The transfer lift measures the heterogeneous day-of-transfer treatment effect. A The implantation rates of negative and positive transfer lift embryos that were transferred on day 3 and day 5 are compared. Average implantation rates are presented (i) for all test-set embryos and (ii) across high-quality embryos only (8C + at 66 h). Error bars represent STD. P-values were evaluated using permutation testing (1000-fold randomly sampled permutations). B Retrospective comparison of the actual implantation rate (current proposed) and the estimated implantation rate by the proposed policy of transferring negative and positive transfer lift embryos at day 3 and day 5. Error bars depict STD. KS: Kolmogorov–Smirnov.
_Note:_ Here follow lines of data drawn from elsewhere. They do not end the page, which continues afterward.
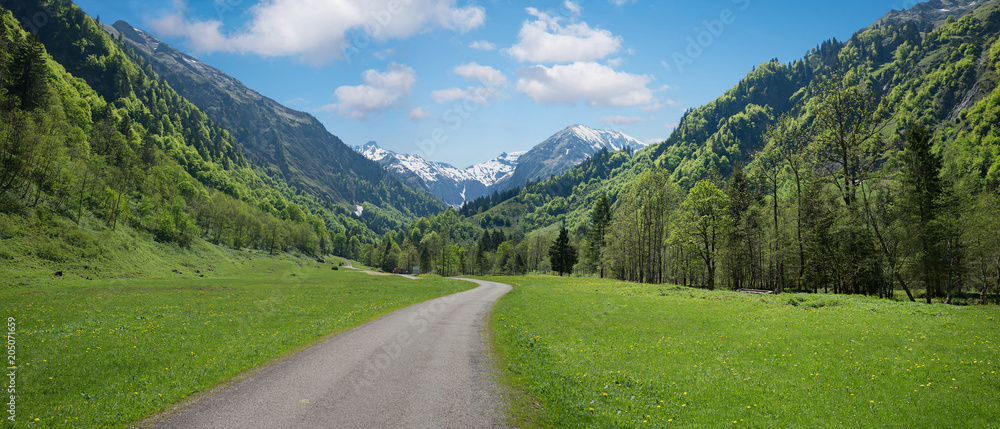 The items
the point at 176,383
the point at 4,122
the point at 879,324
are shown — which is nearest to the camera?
the point at 176,383

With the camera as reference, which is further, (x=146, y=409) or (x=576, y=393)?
(x=576, y=393)

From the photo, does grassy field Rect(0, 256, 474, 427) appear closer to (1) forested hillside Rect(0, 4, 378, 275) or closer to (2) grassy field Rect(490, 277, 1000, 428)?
(2) grassy field Rect(490, 277, 1000, 428)

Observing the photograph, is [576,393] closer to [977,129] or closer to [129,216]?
[129,216]

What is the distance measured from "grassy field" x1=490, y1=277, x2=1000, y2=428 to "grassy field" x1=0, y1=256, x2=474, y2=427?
31.2ft

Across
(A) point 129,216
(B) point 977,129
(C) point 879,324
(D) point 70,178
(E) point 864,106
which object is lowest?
(C) point 879,324

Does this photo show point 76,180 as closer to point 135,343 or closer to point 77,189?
point 77,189

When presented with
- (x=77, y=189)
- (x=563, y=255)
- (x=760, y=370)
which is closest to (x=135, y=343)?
(x=760, y=370)

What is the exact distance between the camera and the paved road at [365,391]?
862 cm

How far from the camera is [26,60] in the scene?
73.6m

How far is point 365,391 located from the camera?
10.5 metres

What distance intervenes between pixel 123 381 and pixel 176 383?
1.61 m

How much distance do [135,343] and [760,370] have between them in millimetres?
23646

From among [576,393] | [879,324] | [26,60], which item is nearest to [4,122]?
[26,60]

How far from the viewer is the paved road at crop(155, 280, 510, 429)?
8.62 m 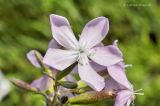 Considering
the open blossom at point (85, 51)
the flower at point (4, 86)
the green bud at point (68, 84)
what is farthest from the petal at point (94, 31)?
the flower at point (4, 86)

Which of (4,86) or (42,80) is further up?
(42,80)

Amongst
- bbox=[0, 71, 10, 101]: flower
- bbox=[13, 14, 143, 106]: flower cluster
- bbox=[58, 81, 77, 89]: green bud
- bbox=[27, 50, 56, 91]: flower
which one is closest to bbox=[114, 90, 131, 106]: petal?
bbox=[13, 14, 143, 106]: flower cluster

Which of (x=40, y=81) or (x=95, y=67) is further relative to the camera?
(x=40, y=81)

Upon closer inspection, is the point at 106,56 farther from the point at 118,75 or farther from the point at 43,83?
the point at 43,83

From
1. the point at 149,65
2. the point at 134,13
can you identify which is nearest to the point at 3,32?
the point at 134,13

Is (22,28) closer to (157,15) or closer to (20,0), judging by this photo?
(20,0)

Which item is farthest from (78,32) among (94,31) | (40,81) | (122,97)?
(122,97)

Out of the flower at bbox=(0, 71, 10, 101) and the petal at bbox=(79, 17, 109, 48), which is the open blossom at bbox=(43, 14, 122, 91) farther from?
the flower at bbox=(0, 71, 10, 101) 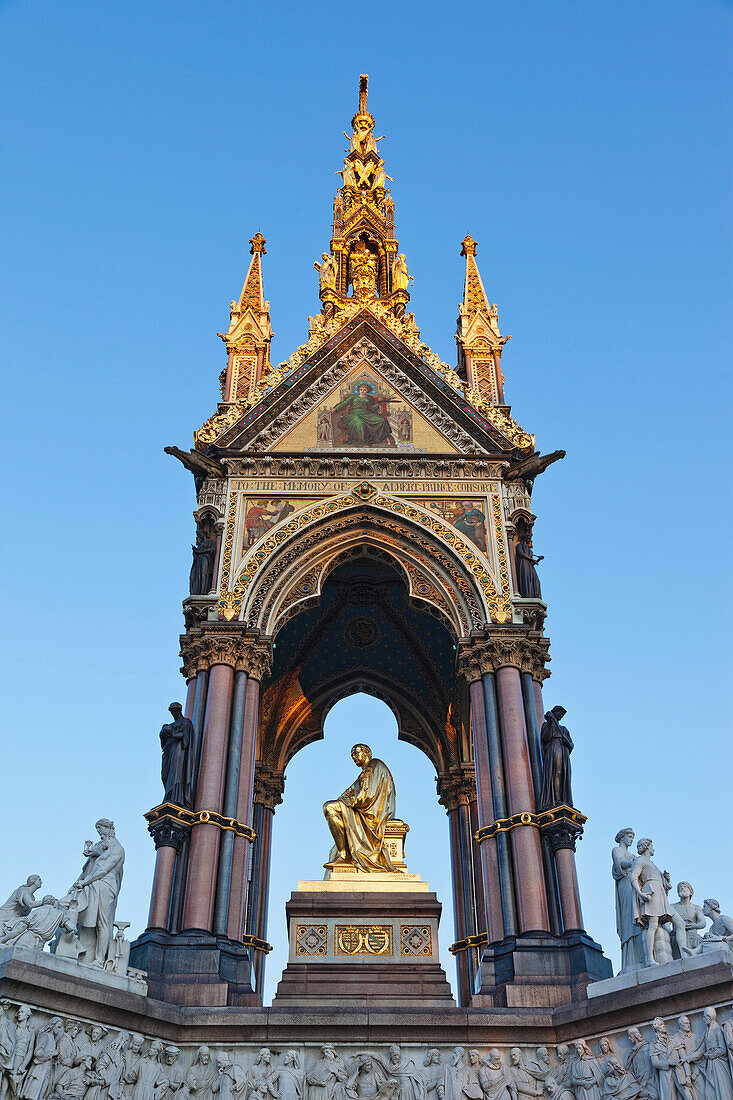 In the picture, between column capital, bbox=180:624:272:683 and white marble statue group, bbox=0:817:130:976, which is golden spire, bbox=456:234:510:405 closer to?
column capital, bbox=180:624:272:683

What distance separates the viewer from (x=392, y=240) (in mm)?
29703

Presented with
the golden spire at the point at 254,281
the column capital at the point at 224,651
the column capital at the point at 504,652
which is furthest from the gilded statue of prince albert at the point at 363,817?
the golden spire at the point at 254,281

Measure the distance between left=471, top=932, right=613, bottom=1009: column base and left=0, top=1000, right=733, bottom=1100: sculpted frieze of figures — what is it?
31.9 inches

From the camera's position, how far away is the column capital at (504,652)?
19812 millimetres

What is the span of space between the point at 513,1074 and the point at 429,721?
34.0ft

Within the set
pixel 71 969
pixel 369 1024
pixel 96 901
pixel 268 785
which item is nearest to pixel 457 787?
pixel 268 785

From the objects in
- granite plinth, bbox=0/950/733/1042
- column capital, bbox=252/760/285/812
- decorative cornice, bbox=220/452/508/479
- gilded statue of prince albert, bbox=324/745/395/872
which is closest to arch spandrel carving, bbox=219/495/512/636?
decorative cornice, bbox=220/452/508/479

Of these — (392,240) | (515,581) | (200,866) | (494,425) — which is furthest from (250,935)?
(392,240)

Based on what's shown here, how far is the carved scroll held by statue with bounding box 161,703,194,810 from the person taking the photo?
711 inches

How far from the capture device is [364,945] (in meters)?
18.2

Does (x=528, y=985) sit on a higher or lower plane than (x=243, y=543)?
lower

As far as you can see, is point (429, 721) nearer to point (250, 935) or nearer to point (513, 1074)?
point (250, 935)

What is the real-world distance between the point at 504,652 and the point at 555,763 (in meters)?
2.29

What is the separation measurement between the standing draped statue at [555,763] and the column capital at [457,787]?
17.7 feet
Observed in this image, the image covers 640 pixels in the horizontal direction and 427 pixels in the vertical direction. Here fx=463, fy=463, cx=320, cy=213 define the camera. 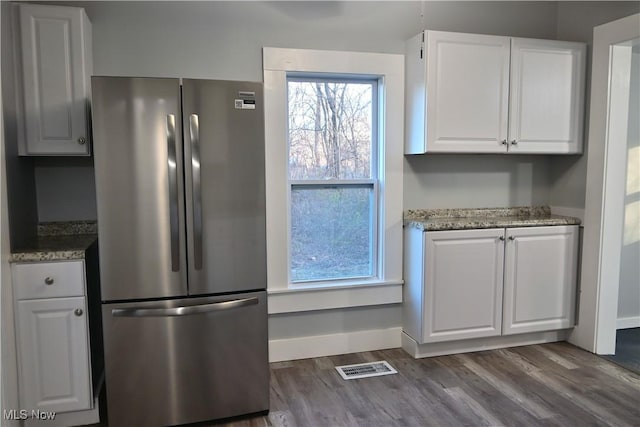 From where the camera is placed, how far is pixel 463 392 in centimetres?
262

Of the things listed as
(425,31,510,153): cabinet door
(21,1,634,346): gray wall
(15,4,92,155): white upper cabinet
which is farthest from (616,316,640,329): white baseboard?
(15,4,92,155): white upper cabinet

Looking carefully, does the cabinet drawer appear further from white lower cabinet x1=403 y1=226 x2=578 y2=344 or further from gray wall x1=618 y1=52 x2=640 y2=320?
gray wall x1=618 y1=52 x2=640 y2=320

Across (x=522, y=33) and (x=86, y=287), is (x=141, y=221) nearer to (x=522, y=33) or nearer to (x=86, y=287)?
(x=86, y=287)

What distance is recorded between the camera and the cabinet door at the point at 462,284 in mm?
2973

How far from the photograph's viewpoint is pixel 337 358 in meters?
3.12

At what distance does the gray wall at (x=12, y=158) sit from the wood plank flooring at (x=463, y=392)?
1463 millimetres

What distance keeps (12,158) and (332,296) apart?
1997 mm

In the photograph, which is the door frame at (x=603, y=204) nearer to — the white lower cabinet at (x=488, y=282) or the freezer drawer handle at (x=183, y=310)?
the white lower cabinet at (x=488, y=282)

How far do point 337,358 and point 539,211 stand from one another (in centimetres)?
189

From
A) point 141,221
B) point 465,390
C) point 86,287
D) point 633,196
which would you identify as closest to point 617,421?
point 465,390

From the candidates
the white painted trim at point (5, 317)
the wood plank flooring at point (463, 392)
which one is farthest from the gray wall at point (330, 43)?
the white painted trim at point (5, 317)

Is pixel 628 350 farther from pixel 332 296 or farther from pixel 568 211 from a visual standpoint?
pixel 332 296

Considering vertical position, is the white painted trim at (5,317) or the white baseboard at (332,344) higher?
the white painted trim at (5,317)

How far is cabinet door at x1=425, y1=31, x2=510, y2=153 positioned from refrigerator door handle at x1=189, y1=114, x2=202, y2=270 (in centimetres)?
150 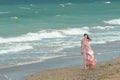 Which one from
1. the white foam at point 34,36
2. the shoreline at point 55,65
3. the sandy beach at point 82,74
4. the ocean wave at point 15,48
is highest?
the sandy beach at point 82,74

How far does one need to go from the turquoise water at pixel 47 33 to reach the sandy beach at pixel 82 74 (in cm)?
329

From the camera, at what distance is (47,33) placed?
40562 mm

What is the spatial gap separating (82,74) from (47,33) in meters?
19.9

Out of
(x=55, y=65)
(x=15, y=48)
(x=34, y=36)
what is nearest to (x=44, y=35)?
(x=34, y=36)

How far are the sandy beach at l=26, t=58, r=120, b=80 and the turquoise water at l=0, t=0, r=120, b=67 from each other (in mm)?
3289

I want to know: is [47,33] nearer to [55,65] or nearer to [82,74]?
[55,65]

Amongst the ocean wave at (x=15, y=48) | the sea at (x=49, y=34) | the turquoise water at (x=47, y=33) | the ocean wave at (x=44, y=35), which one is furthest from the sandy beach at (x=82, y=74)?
the ocean wave at (x=44, y=35)

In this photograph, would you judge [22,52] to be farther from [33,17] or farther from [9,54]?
[33,17]

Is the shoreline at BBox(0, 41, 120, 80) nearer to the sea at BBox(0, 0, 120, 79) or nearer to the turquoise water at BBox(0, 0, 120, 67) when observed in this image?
the sea at BBox(0, 0, 120, 79)

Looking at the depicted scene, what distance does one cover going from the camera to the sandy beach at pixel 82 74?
1906cm

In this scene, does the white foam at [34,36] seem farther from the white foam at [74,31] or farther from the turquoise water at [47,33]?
the white foam at [74,31]

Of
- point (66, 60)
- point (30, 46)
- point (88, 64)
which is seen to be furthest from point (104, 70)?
point (30, 46)

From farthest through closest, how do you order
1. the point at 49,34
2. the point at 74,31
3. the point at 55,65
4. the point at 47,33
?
1. the point at 74,31
2. the point at 47,33
3. the point at 49,34
4. the point at 55,65

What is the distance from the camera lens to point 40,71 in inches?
981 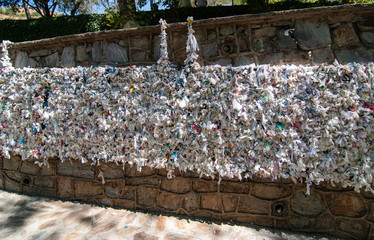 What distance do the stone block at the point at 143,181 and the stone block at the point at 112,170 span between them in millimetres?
133

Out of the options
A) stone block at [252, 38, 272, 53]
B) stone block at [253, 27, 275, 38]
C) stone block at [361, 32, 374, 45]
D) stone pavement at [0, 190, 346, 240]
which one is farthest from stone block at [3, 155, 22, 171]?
stone block at [361, 32, 374, 45]

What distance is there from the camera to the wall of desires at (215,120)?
7.27ft

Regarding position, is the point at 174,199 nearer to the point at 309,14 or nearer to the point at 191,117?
the point at 191,117

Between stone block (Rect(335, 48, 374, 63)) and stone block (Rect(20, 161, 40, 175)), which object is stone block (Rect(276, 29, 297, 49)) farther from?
stone block (Rect(20, 161, 40, 175))

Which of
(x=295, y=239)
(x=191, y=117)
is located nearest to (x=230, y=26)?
(x=191, y=117)

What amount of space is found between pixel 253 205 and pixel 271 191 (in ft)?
0.88

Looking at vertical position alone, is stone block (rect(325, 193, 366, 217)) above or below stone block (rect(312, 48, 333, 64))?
below

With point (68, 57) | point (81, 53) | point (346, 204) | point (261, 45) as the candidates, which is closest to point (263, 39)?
point (261, 45)

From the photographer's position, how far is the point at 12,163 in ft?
11.4

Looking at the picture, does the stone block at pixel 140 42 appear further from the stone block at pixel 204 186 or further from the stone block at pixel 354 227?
the stone block at pixel 354 227

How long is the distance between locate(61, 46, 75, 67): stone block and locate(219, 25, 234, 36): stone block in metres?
2.35

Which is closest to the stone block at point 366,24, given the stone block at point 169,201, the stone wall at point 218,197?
the stone wall at point 218,197

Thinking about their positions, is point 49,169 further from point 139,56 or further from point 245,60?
point 245,60

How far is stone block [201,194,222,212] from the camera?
8.80ft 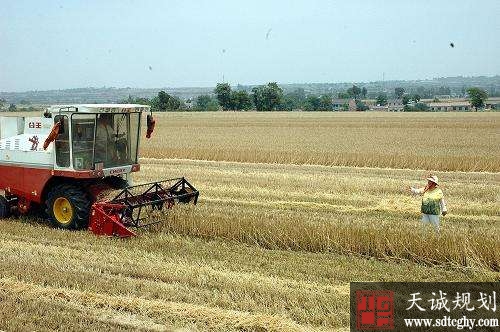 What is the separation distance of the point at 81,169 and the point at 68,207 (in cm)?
79

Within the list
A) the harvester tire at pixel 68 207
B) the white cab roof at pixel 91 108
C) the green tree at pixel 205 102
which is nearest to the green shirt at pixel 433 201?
the white cab roof at pixel 91 108

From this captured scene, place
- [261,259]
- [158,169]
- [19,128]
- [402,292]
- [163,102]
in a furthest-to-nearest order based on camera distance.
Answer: [163,102]
[158,169]
[19,128]
[261,259]
[402,292]

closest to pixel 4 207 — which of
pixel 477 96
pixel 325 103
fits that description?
pixel 477 96

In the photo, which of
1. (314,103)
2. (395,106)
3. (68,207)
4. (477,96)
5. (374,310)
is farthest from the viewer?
(395,106)

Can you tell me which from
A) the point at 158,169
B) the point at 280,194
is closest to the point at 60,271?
the point at 280,194

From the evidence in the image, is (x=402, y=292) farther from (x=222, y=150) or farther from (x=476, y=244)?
(x=222, y=150)

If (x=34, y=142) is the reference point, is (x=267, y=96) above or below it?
above

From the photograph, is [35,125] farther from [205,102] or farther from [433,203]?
[205,102]

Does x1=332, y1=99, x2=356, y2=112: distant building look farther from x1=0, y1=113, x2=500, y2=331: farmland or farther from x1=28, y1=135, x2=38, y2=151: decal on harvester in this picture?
x1=28, y1=135, x2=38, y2=151: decal on harvester

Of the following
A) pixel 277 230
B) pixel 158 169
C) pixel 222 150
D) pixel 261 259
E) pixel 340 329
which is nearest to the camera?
pixel 340 329

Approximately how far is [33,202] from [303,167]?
10721 mm

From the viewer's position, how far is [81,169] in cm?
1073

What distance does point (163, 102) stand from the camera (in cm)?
8825

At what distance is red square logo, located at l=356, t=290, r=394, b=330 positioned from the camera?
20.8 ft
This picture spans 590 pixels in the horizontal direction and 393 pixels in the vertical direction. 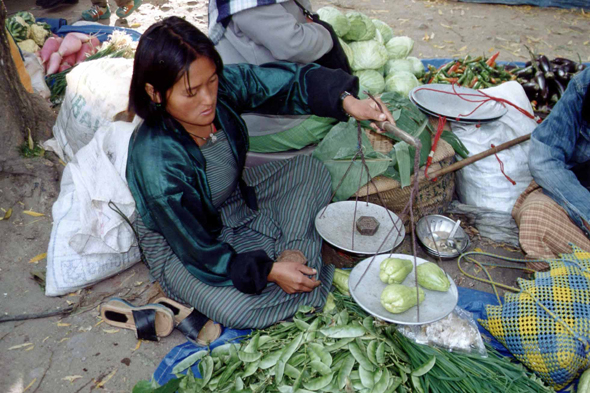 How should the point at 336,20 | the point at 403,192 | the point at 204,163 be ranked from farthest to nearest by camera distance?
the point at 336,20
the point at 403,192
the point at 204,163

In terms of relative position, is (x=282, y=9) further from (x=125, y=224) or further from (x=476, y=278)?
(x=476, y=278)

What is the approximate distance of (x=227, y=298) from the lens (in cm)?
212

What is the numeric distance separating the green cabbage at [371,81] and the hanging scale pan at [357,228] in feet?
4.95

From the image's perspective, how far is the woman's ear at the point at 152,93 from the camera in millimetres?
1782

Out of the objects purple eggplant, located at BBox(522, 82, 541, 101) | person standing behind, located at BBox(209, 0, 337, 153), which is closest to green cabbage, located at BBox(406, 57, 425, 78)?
purple eggplant, located at BBox(522, 82, 541, 101)

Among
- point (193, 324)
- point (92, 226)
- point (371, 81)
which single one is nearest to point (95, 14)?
point (371, 81)

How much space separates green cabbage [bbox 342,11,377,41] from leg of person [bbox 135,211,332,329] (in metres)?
2.32

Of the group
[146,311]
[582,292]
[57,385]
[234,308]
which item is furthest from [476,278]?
[57,385]

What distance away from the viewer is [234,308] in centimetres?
211

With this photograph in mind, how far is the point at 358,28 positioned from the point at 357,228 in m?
2.16

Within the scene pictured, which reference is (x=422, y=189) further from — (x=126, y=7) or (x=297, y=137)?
(x=126, y=7)

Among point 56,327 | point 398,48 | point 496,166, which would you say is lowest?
point 56,327

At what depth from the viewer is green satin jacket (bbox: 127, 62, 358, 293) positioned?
74.5 inches

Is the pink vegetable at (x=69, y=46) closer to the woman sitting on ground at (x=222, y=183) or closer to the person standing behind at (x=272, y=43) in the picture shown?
the person standing behind at (x=272, y=43) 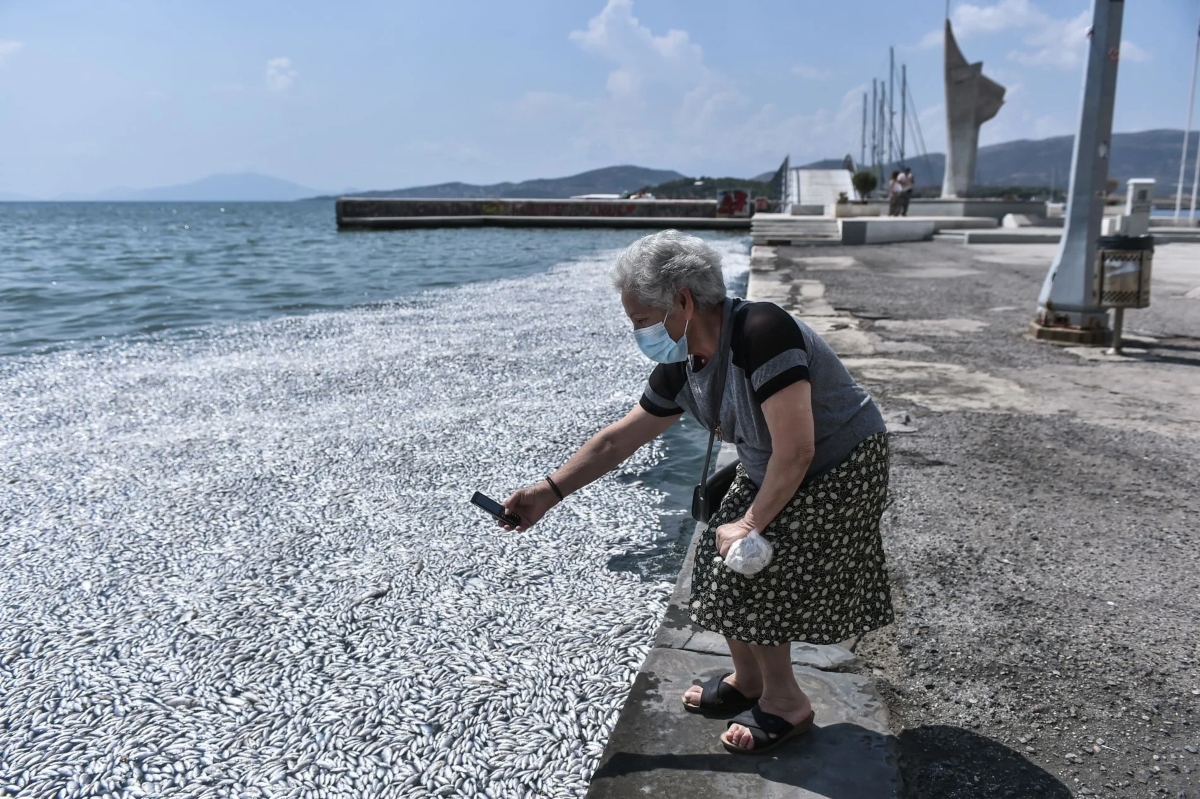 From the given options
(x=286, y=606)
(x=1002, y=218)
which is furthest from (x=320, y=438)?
(x=1002, y=218)

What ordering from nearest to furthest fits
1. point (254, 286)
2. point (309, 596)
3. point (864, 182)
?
point (309, 596), point (254, 286), point (864, 182)

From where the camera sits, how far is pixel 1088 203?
24.8 ft

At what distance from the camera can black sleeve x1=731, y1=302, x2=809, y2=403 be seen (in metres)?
1.97

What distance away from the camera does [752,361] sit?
200cm

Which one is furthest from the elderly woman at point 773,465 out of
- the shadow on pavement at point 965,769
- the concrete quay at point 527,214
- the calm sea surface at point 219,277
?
the concrete quay at point 527,214

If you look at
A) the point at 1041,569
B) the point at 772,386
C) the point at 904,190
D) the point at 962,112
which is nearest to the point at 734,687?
the point at 772,386

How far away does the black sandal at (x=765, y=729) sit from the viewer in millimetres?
2270

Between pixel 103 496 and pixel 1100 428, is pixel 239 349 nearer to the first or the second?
pixel 103 496

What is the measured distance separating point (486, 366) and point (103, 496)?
4.02m

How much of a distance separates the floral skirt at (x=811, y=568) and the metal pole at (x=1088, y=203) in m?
6.19

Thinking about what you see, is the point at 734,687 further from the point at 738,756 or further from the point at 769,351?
the point at 769,351

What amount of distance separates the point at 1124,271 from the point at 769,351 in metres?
6.41

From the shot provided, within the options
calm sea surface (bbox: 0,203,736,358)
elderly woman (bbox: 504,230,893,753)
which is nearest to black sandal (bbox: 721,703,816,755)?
elderly woman (bbox: 504,230,893,753)

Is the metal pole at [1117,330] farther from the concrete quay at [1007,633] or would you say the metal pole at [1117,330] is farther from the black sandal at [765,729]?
the black sandal at [765,729] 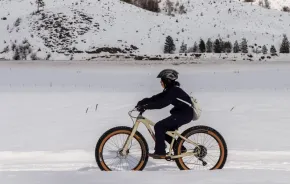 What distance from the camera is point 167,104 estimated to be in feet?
22.8

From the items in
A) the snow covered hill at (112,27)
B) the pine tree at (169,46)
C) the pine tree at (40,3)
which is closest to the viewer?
the pine tree at (169,46)

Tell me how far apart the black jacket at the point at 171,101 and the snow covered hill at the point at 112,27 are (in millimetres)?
82874

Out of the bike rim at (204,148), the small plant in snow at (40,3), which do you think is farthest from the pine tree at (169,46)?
the bike rim at (204,148)

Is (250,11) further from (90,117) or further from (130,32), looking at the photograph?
(90,117)

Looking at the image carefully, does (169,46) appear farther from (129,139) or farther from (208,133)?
(129,139)

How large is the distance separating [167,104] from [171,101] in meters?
0.07

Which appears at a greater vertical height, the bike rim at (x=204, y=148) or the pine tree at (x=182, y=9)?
the pine tree at (x=182, y=9)

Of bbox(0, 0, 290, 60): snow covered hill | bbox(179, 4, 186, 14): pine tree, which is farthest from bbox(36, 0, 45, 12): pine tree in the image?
bbox(179, 4, 186, 14): pine tree

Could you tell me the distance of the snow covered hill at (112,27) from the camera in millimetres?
99219

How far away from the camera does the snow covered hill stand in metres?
99.2

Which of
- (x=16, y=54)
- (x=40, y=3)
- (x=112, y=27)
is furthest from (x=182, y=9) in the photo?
(x=16, y=54)

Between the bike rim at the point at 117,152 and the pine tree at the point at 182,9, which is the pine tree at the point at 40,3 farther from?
the bike rim at the point at 117,152

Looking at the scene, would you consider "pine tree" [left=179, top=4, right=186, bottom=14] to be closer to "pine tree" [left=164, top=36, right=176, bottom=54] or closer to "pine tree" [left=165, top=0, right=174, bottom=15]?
"pine tree" [left=165, top=0, right=174, bottom=15]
STD: standard deviation

The evaluation of the heterogeneous treatment effect indicates that the implantation rate could be increased by transferring negative transfer lift embryos on day 3 and positive transfer lift embryos on day 5. To test this proposed policy, we retrospectively re-adjusted the implantation outcome of positive transfer lift embryos that were transferred on day 3 and negative transfer lift embryos that were transferred on day 5 by adding the absolute transfer lift values. This re-adjustment scheme is based on the fact that the transfer lift measures the difference in the probability of the embryos to implant if transferred at the cleavage stage and the blastocyst stage. In comparison with the current policy, the proposed policy is retrospectively estimated to have increased the average implantation rate from 0.2 to 0.27, which is a 32% increase relative to the current policy (Fig. 5B).